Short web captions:

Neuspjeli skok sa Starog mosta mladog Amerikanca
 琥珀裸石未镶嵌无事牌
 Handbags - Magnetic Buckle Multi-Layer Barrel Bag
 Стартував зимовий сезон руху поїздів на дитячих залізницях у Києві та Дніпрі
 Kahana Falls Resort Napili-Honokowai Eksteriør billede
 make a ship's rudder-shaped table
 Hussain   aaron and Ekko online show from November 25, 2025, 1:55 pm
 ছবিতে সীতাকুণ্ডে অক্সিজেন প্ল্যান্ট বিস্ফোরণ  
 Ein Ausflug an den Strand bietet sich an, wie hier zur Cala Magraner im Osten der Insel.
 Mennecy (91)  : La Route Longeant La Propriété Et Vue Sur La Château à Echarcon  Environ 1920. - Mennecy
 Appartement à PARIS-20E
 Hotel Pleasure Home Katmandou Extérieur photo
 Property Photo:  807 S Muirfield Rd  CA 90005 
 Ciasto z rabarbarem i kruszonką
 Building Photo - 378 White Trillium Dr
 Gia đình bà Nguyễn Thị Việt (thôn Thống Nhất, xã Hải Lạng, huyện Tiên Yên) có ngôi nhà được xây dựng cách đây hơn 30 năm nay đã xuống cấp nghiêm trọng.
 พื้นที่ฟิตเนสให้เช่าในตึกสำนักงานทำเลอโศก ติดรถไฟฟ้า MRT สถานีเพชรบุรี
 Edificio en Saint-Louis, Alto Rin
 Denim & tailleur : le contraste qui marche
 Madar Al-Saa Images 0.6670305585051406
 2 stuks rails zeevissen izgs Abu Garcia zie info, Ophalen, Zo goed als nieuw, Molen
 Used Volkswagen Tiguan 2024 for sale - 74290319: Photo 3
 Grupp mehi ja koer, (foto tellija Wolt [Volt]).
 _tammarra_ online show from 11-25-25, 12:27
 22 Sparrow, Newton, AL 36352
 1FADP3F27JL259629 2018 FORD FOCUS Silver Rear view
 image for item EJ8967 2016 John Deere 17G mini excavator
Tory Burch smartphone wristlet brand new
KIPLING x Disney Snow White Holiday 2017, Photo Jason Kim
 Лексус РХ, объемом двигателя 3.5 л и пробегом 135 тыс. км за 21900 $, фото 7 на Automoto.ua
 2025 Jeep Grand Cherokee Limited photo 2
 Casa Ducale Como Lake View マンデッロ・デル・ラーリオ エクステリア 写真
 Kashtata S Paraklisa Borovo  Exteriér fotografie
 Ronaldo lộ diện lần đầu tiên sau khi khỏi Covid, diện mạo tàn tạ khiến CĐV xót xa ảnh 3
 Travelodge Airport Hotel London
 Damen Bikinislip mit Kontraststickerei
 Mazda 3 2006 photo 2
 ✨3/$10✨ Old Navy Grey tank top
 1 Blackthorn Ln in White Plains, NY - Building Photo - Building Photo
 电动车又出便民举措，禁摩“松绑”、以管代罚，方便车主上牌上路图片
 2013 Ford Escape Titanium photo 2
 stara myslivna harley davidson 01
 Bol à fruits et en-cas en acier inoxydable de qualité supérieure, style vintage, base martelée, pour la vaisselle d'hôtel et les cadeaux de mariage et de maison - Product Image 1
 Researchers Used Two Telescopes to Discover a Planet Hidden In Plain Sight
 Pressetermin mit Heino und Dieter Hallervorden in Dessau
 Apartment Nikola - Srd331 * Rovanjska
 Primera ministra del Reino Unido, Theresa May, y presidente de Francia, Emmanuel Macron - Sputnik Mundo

▶ [Requirement]
Note each line above that contains "from" and copy it out.

▶ [Task solution]
 Hussain   aaron and Ekko online show from November 25, 2025, 1:55 pm
 _tammarra_ online show from 11-25-25, 12:27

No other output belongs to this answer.